John Cena is facing backlash this week after bowing to pressure from the People’s Republic of China (PRC) to renounce his statement that Taiwan is a country.
The professional wrestler and actor made the comment during a promotional interview for his new movie, “Fast and the Furious 9.” The PRC, which considers Taiwan a self-ruled province that is part of China, demanded an apology from Cena who quickly obliged in a video recorded in Mandarin on the Chinese website, Weibo:
“Hi China, I’m John Cena. I’m in the middle of ‘Fast and Furious 9’ promotions. I’m doing a lot of interviews. I made a mistake in one of my interviews. I made one mistake. I have to say something very, very, very important now. I love and respect China and Chinese people. I’m very, very sorry about my mistake. I apologize, I apologize, I’m very sorry. You must understand that I really love, really respect China and the Chinese people. My apologies. See you,”

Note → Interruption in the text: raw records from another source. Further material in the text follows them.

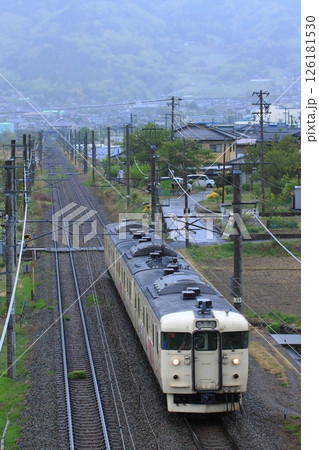 坂城の町を背景に進むしなの鉄道115系電車_2025/5/2撮影 坂城の町を背景に進むしなの鉄道115系電車_2025/5/2撮影 126181530
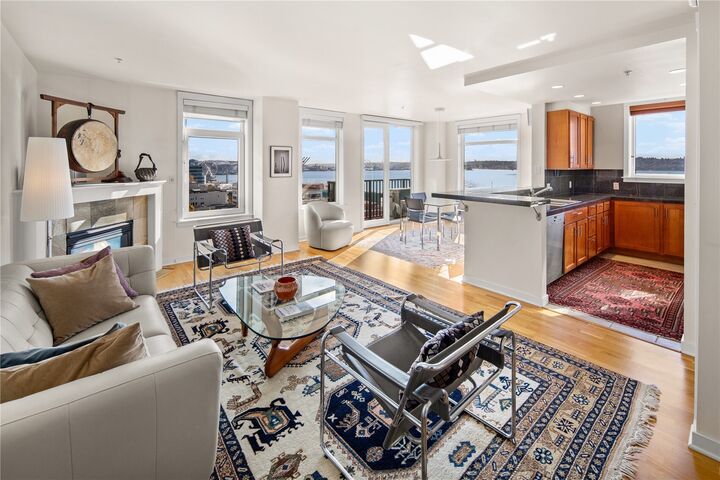 Property Photo:  2607  Western Avenue 804  WA 98121 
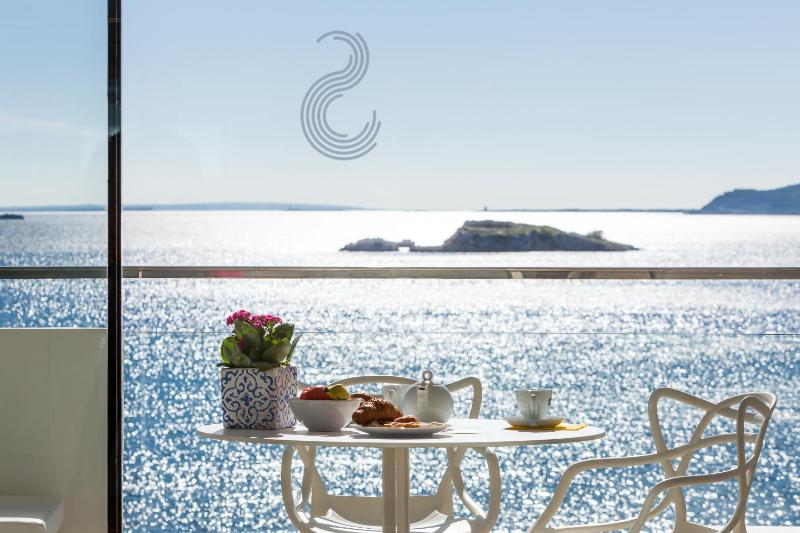 Studio Apartment with Sea View image 1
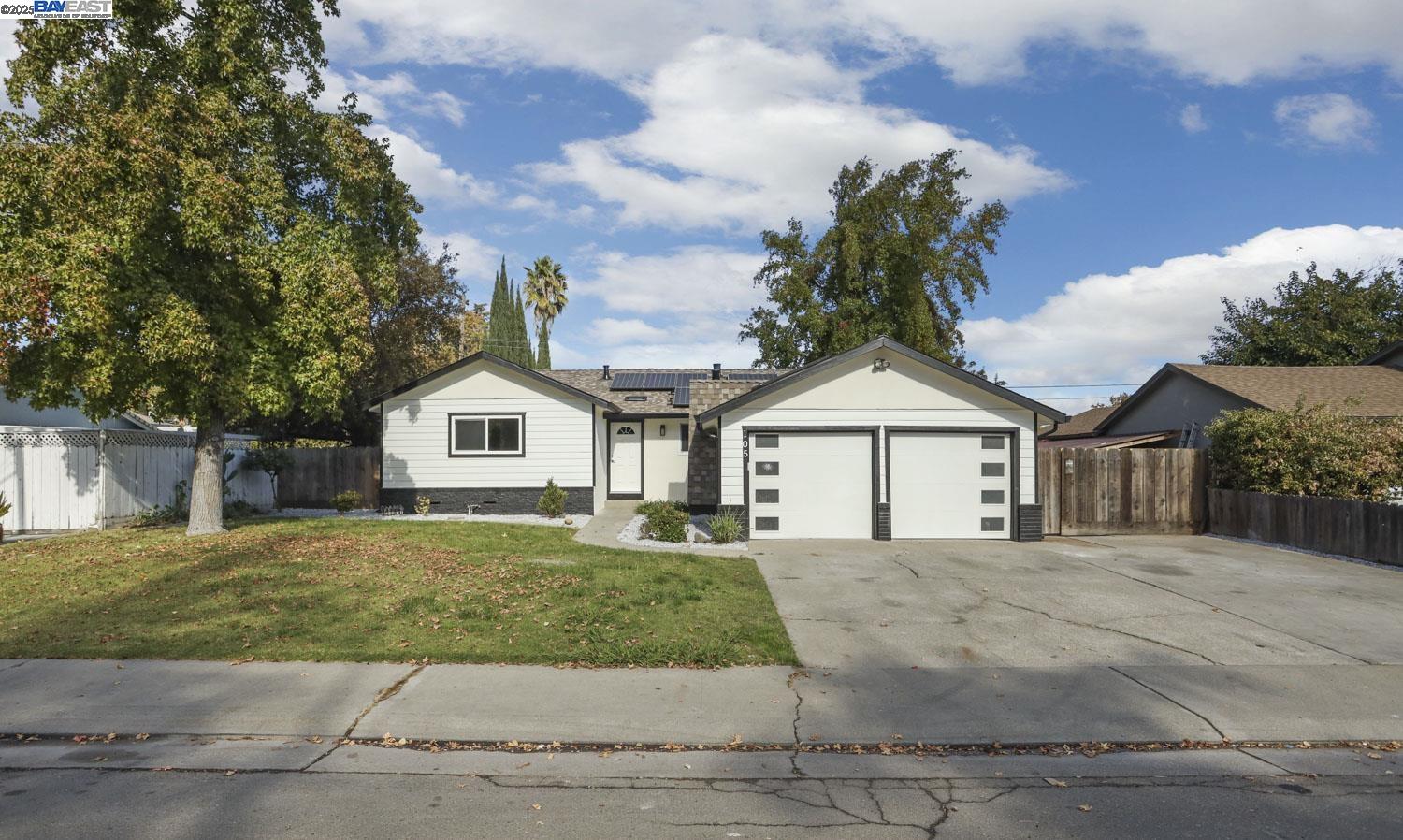 Detail Gallery Image 3 of 39 For 105 W Benjamin Holt Dr, Stockton,  CA 95207 - 3 Beds | 2 Baths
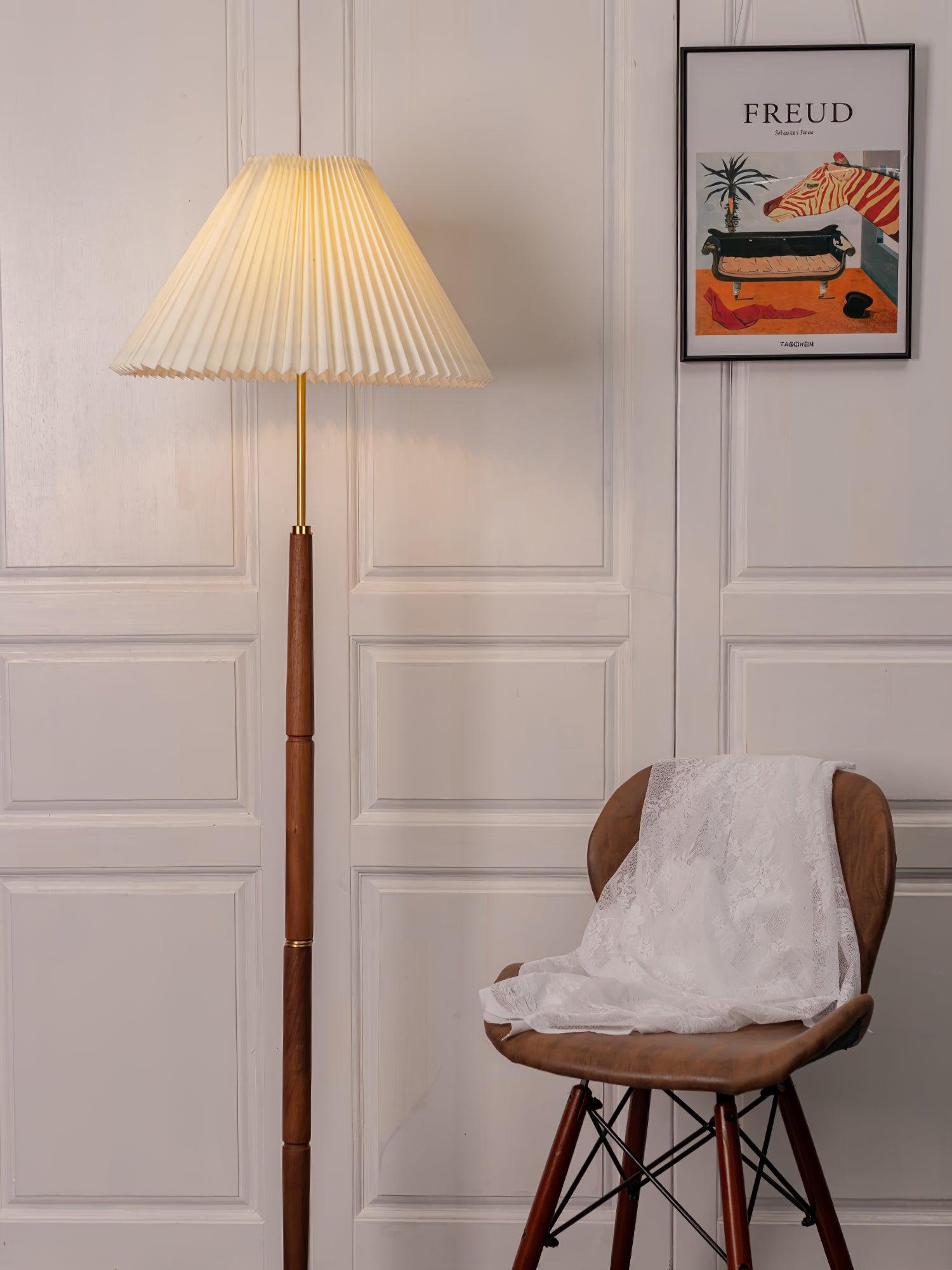 Pleated Floor Lamp - Lumpaz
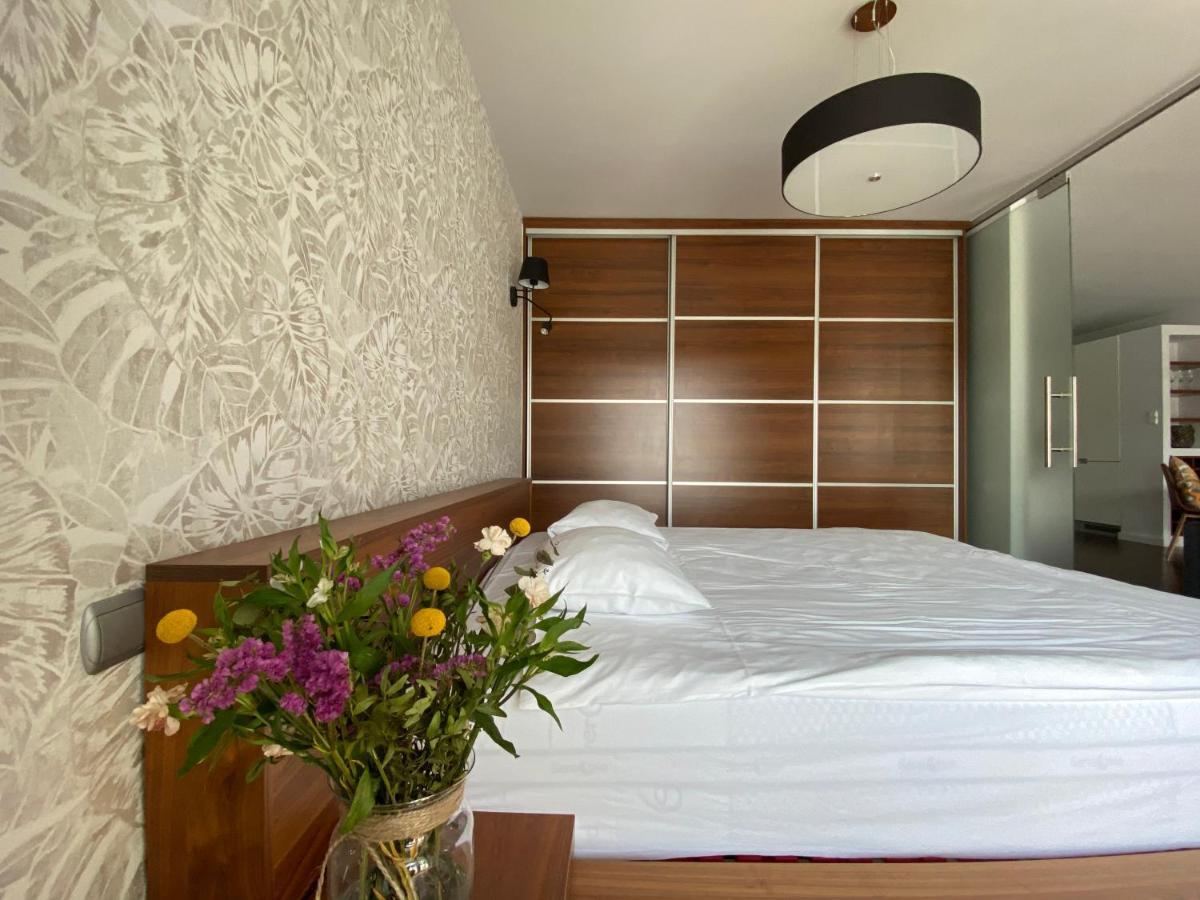 Aravel Suites Wrocław Exteriör bild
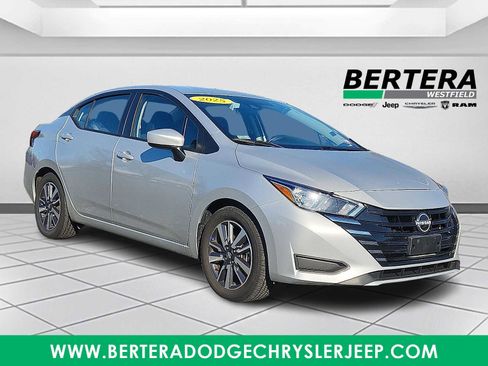 Used 2023 Nissan Versa SV image 1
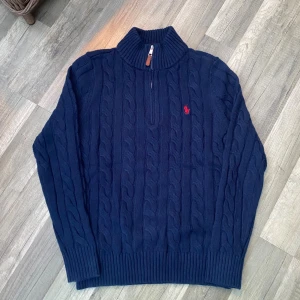 Halfzip Ralph lauren  - Tja säljer nu denna snygga halfzipen från Ralph lauren, mycket fint skick och riktigt skön passform. Sitter som en S. Hör av dig för minsta fundering! 
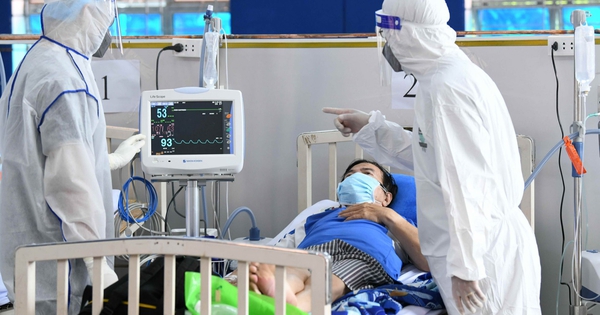 Dịch COVID-19 hôm nay: Số nhiễm giảm nhẹ, bệnh nhân nặng tăng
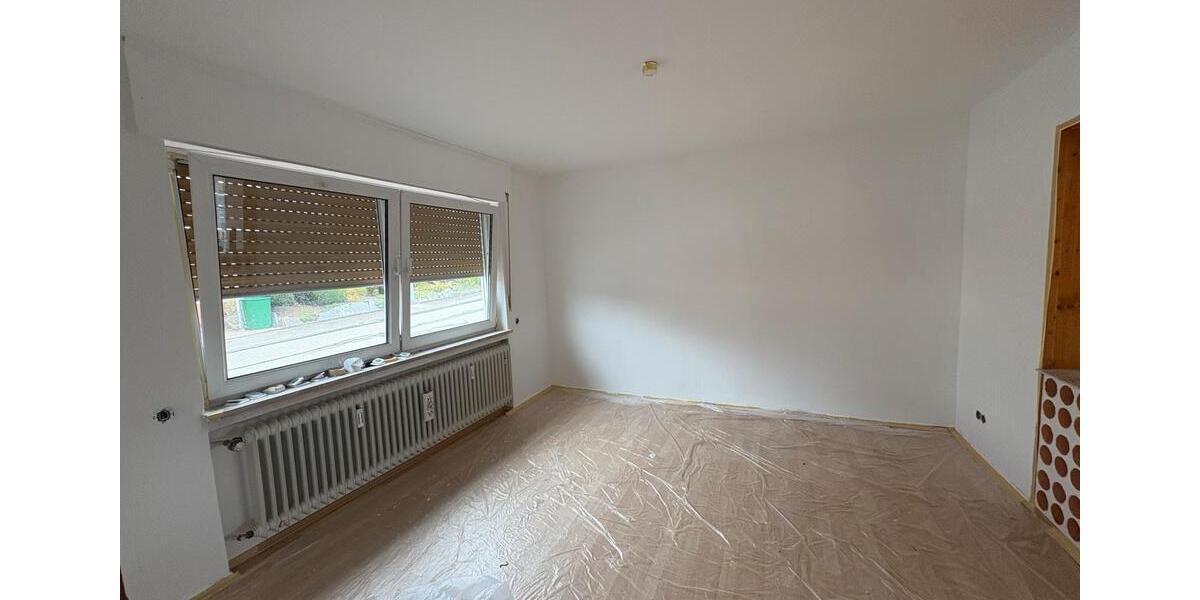 In Meßstetten: Großzügige, renovierte, helle Wohnung 3.5 zimmer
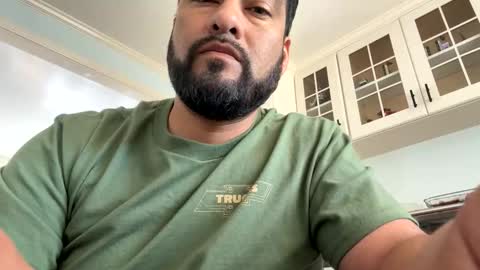 Snapshot of sal_cumplaciente chatting on 03/16/26, 04:44 sal cumplaciente online show from 03/16/26, 04:44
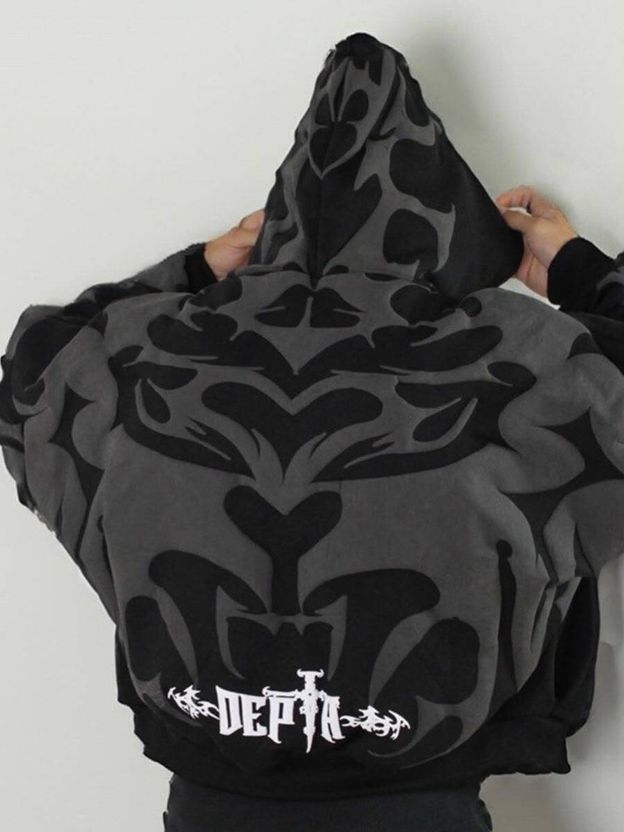 HoodieHavens Full Sleeve Printed Hooded Sweatshirt - Image 2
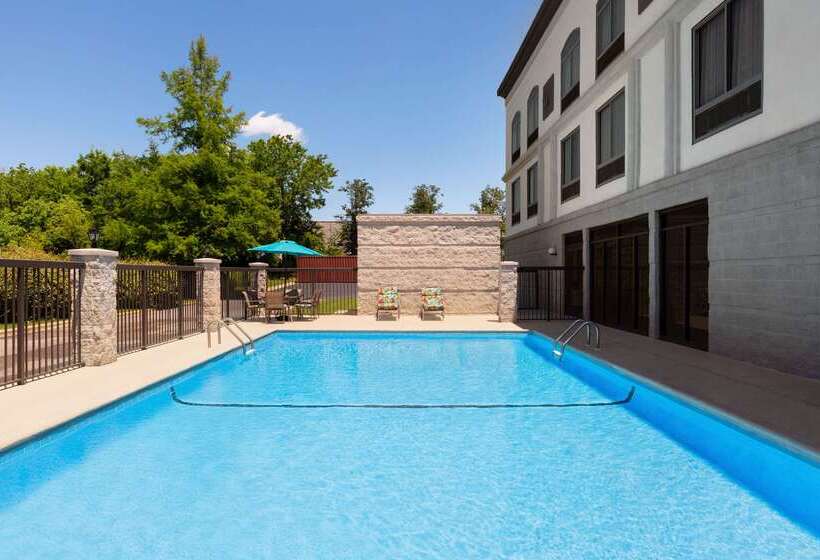 ホテル Wingate By Wyndham Montgomery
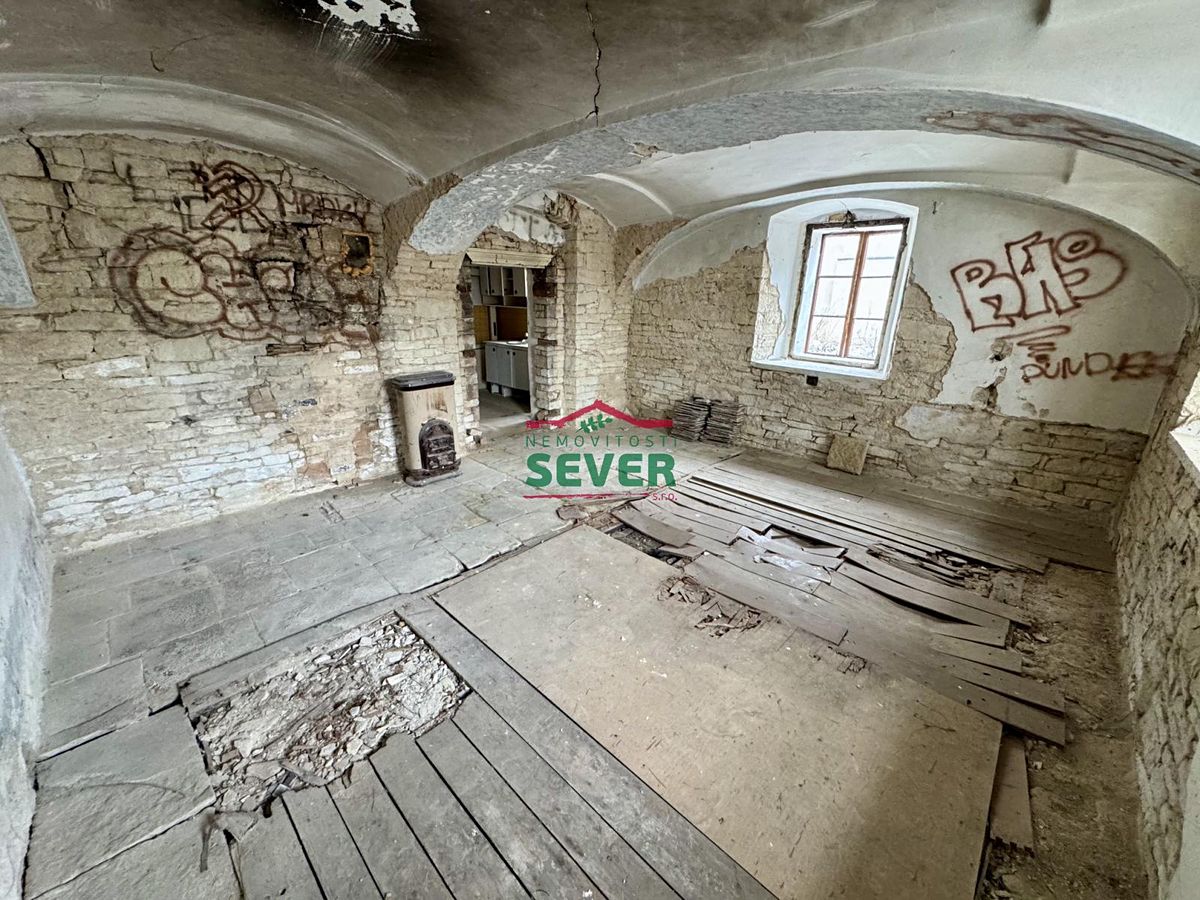 Prodej rodinného domu 200 m², pozemek 493 m² – fotografie 3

Users in China took to social media to note that they were unhappy with the apology because Cena stopped short of saying that Taiwan is part of China.
Cena’s apology was met with criticism from media personalities and everyday Americans alike who expressed their disdain for the wrestler’s appeasement to Twitter, some even calling the move “pathetic”:
— Ben Shapiro (@benshapiro) May 25, 2021
Cena should be asked on his little movie promotion junket if he accepts or rejects the US State Department’s conclusion that China is engaged in genocide against ethnic and religious minorities of color in Xinjiang. So should LeBron, for that matter. https://t.co/7lLhlkOZnR
— Guy Benson (@guypbenson) May 25, 2021
Why not call a decades-long healthy and functioning democracy a country? Because much of Hollywood operates in fear of Beijing, many of its blockbuster movies dependent on the mainland Chinese market. https://t.co/2mPcNAT6R3
— Jim Sciutto (@jimsciutto) May 25, 2021
“Pathetic @JohnCena. Just pathetic,” radio host and former congressman Joe Walsh tweeted.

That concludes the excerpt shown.